■ **DIRECTIONS FOR THIS TASK**:
Repeat each record exactly, skipping the pictures.

---- SUPPLIED RECORDS

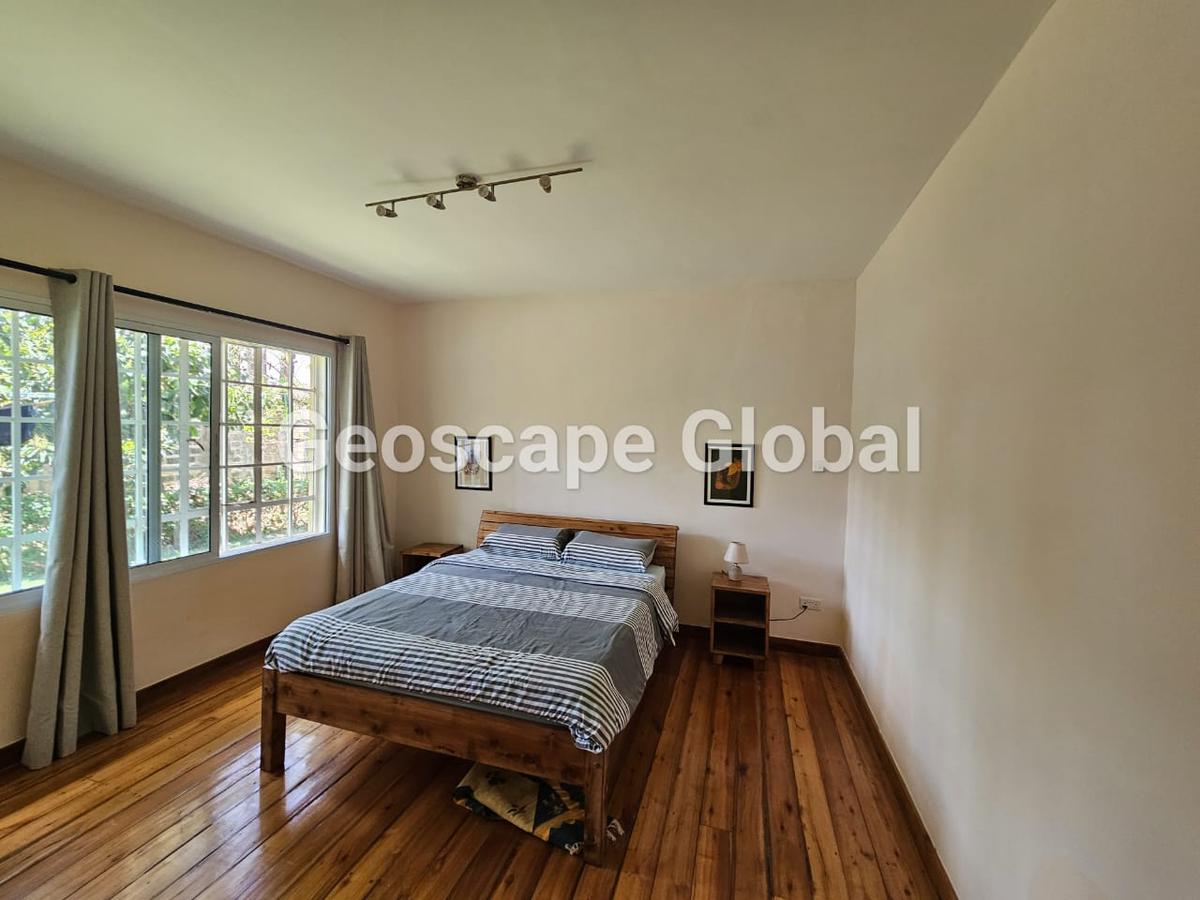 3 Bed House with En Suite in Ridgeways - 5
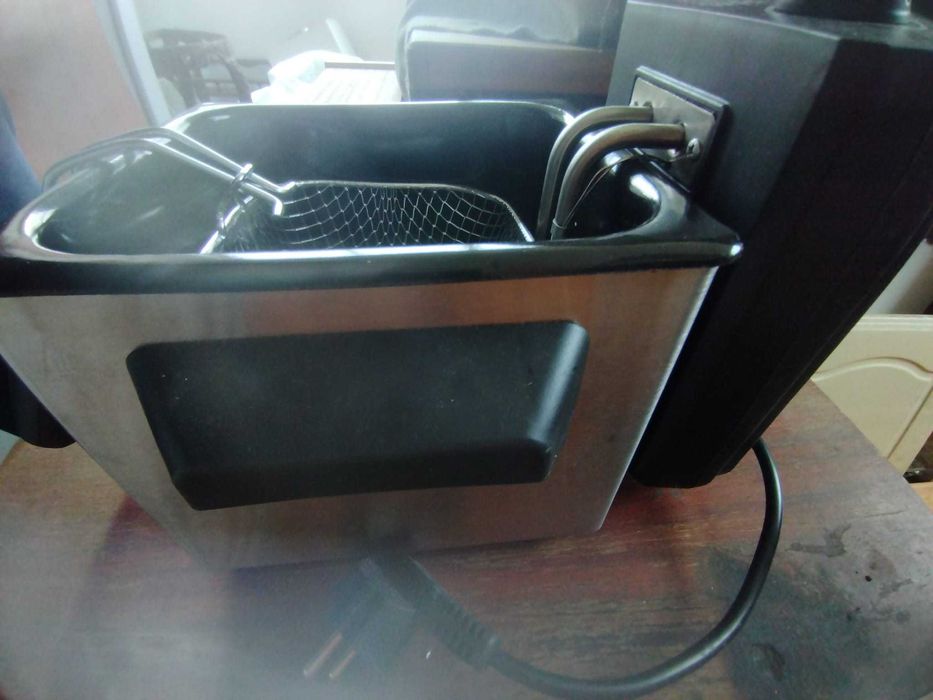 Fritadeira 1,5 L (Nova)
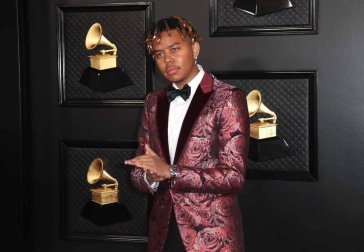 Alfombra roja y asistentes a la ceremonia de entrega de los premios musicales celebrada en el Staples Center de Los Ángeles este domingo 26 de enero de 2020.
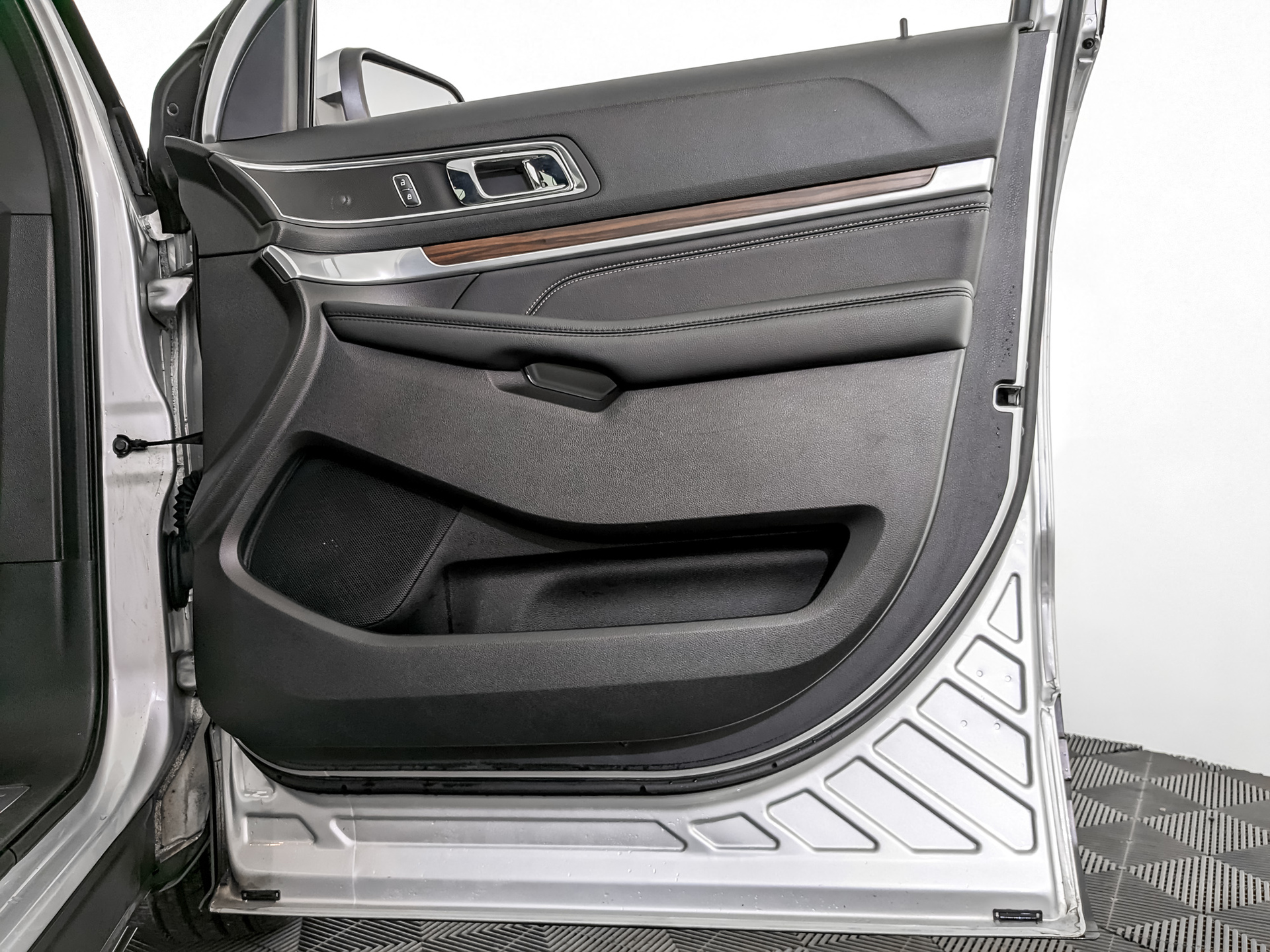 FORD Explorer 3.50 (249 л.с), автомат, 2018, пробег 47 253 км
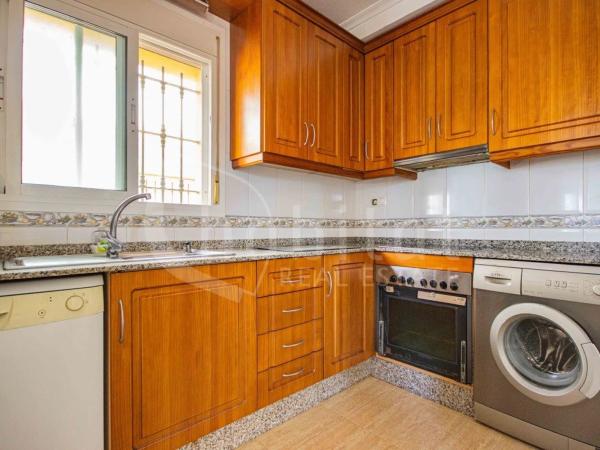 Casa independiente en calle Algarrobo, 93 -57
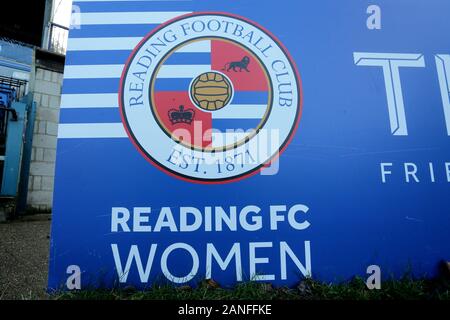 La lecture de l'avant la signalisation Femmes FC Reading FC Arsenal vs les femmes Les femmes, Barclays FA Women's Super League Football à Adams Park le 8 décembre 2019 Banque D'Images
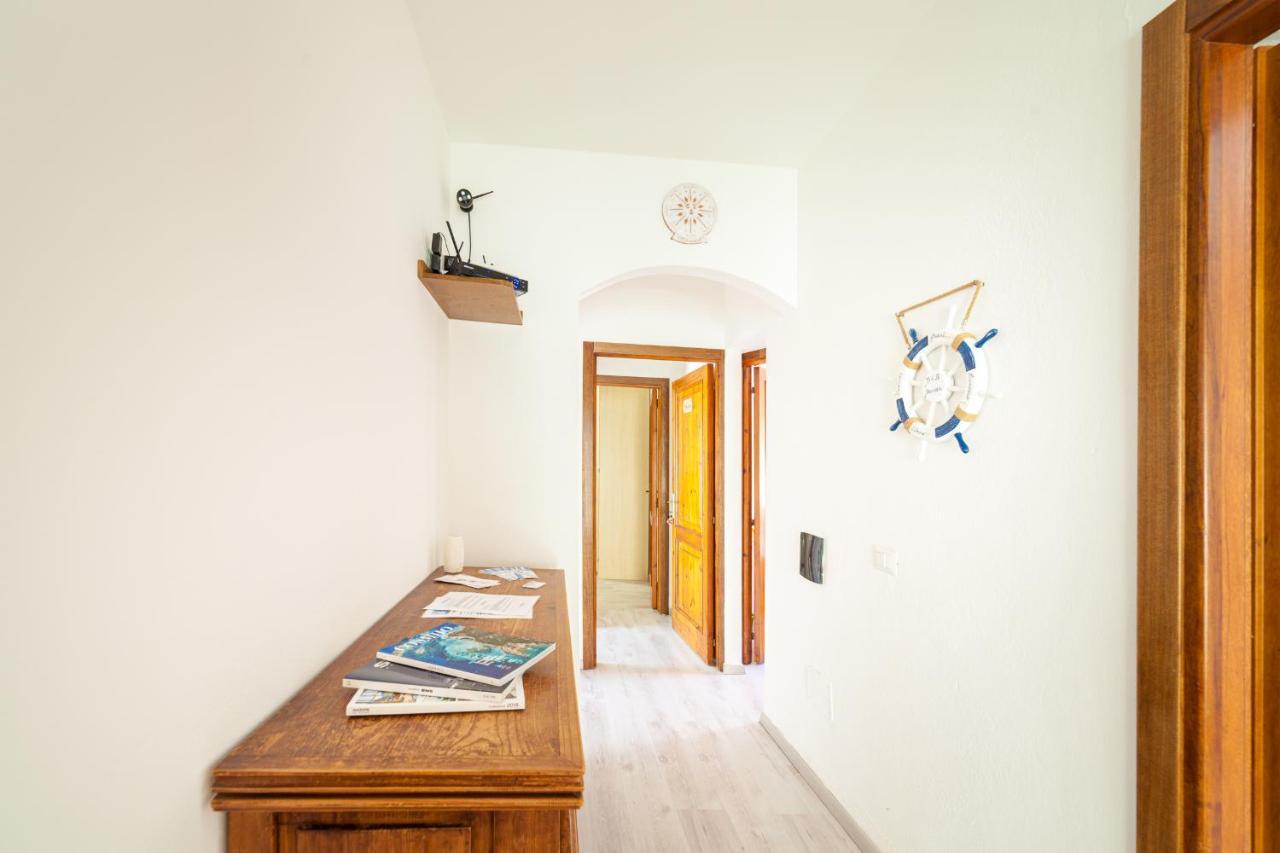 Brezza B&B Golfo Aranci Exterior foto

--------

■ **TASK ANSWER**:
 3 Bed House with En Suite in Ridgeways - 5
 Fritadeira 1,5 L (Nova)
 Alfombra roja y asistentes a la ceremonia de entrega de los premios musicales celebrada en el Staples Center de Los Ángeles este domingo 26 de enero de 2020.
 FORD Explorer 3.50 (249 л.с), автомат, 2018, пробег 47 253 км
 Casa independiente en calle Algarrobo, 93 -57
 La lecture de l'avant la signalisation Femmes FC Reading FC Arsenal vs les femmes Les femmes, Barclays FA Women's Super League Football à Adams Park le 8 décembre 2019 Banque D'Images
 Brezza B&B Golfo Aranci Exterior foto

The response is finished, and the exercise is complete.